Pauvre Blanche et politique de basses œuvres. Par Christophe Rodriguez
La non vengée, le mystère Blanche Garneau. Par Michel Viau (scénario). Jocelyn Bonnier (dessins), Glénat, Québec , 149 p.
Commençons cette chronique par une très bonne nouvelle. Nous avons appris que Havana Connection, scénarisée par Michel Viau et mise en dessin par Djibrill Morissette-Phan, venait de tomber dans le giron cinématographique. Une option est sur l’épopée du caïd Lucien Rivard pendant le règne de Fuengo Battista en 1956. Ce bijou de travail fut l’une des plus belles découvertes de l’année 2023.
Michel Viau, « pape » à sa manière de la bande dessinée, poursuit son activité historique sur quelques évènements judiciaires qui ont secoué le Québec d’antan ou presque. Après L’affaire Delorme (1930), Richard Blass-le chat sur un toit brûlant (1970), le voici parti avec son complice, le dessinateur Jocelyn Bonnier, sur l’étrange cas de Blanche Garneau qui déboucha sur un énorme scandale politique (1920) et qui fit presque tomber le gouvernement de Louis-Alexandre Taschereau.
Mystère et pauvre fille
Le 28 juillet 1920 près de la rivière St-Charles à Québec, le corps de la jeune Blanche Garneau est retrouvée sans vie. Qui pouvait bien lui en vouloir, puisqu’elle était sans histoires, et de famille modeste ? L’enquête piétinant et troublant certains élus politiques, la police de Montréal s’en mêle et fait appel, au détective Francis Valois qui est exempt de toutes connaissances dans la Capitale. Bien avant les réseaux sociaux, comme quoi nous n’avons rien inventé, la machine à rumeurs se met en place. Fille de mauvaise vie, fréquentations douteuses, père autoritaire, bref, un alliage explosif qui va rapidement remonter à la chambre des députés.
Les policiers, sont accusés d’incompétence, et, qui sait, de créer de toutes pièces, des preuves. Le Québec traverse bien des tourments avec la prohibition, des journalistes qui essaient vainement de savoir au détriment de leur métier ainsi que de leurs convictions. Et un certain John. H. Roberts, propriétaire du journal The AXE (tout un nom) qui accuse deux parlementaires d’avoir assassiné la jeune fille. Il offre en plus 5000 $ de récompense, somme faramineuse à l’époque, pour qui fournira les renseignements manquants à l’affaire.

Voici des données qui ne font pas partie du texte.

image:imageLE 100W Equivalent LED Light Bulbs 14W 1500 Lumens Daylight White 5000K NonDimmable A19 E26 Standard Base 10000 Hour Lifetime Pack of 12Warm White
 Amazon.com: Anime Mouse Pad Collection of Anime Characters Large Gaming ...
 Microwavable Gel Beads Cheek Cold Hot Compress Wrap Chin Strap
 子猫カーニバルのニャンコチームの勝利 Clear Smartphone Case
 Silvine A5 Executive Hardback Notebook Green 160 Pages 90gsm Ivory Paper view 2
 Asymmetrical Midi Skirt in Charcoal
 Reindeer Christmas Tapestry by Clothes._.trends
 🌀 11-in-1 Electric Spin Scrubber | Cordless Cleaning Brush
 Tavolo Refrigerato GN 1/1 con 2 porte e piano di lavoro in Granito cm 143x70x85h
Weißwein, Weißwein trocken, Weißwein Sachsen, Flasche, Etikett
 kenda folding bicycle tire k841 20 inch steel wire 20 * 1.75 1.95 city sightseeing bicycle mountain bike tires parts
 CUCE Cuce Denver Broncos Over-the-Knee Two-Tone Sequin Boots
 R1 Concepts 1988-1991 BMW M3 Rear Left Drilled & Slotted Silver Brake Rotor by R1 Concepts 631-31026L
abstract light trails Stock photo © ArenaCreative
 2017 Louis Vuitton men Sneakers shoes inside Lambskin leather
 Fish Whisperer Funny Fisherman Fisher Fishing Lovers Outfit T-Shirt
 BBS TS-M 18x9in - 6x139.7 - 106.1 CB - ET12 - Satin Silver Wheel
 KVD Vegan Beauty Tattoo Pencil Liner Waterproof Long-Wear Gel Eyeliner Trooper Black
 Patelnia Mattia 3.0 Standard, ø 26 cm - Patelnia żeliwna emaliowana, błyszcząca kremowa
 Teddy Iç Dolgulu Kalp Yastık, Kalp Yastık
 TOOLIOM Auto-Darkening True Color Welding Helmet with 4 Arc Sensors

De cette tragédie est né un évènement politique, de là à oublier la pauvre Blanche et ses meurtriers. Un roman policier, mais aussi une enquête précise, menée par des maîtres du genre (Viau/Bonnier) qui nous éclaire sur les vicissitudes ainsi que les bassesses de minables politicards en mal de reconnaissance.